I yelled at her. Screamed at her. This precious, little angel that is my most treasured piece of my soul got screamed at by the one and only person she can come to for comfort, protection, and unconditional love.
She just wouldn’t stop whining for EVERYTHING, and climbing all over me, and making a mess, and just irritating me until I exploded…. and I yelled more than once. I put her in her room and shut the door just so I could have a minute of peace.
I took a deep breath, and when I opened the door.. you know what she did?

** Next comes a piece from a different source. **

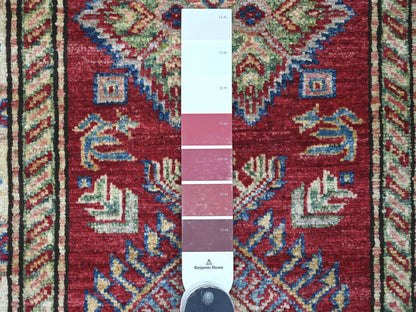 Kazak Tribal & Geometric hand-knotted wool runner in Red & Ivory, 2'6" x 6'10" — SKU O021742 (view 3)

…she ran to me, arms wide open, tears streaming down her sweet cheeks, and that hiccup-cry-breathing thing when you cry so hard you can’t catch your breath. I scooped her up and held her so tight. My heart felt so much pain and tears welled up in my eyes. I felt miserable. I gently rubbed her back and shushed her to calm her breathing down and to comfort her. I spoke softly to her and told her that mommy was sorry that I yelled at her and that I loved her so much and everything was ok. I kissed her all over and gave her a big hug. When I tried to put her down she said ‘no, i cuddle you’. So we cuddled, and I silently cried.

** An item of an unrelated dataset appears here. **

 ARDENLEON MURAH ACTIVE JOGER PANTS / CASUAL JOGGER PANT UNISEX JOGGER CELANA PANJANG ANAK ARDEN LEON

I just have such mommy guilt. Guilt that this beautiful creature that I created and has brought such joy to my life STILL runs to me when I am the one who caused her sadness. She didn’t do anything wrong! She was simply being a 2 1/2 year old, and I’m a bitter woman who couldn’t control my temper.
Now I’m certain I’m not alone, am I mommies? We have all lost our minds a time or two. We’ve all just wanted to run away from it all and never look back. But then we sit, breathe, and realize that our babies give us far more joy than grief. I’m glad I had this realization today. I know that how I felt after I reacted this way is miserable for my baby and even more miserable for me! I saw a quote once that read something like “The way we speak to our children become their inner voices”. It made me think… I don’t want my children growing up with rage, anger, or resentment inside of them. I want to raise thoughtful, pleasant, happy children, full of grace and peace. This sounds like a complete fairy-tale I’m sure, but as long as I try to speak to them in an uplifting way, then I can say I’ve done my job.
So, I’m going to take it one day at a time. There will be more times, guaranteed, that I lose it again… but nothing will change if I don’t try. My children are worth it to me to speak to them with respect, love, and encouragement. And if I do that often enough, then maybe they will grow up with a defined, strong, inner voice that I’ve instilled in them.
Please consider the same. For me, I didn’t realize how often I acted this way until I took a step back and thought about it. So think about it. How many times have you said “Go away” or “Leave me alone” or “Stop bothering me”? Think about what that must feel like to a tiny soul who has yet to mature and experience life? Their whole world revolves around YOU! Let’s make them feel like they are important to us and they make us happier than anything on this earth. Because they are, and they do.
I love you Brynlee. More than you’ll ever know.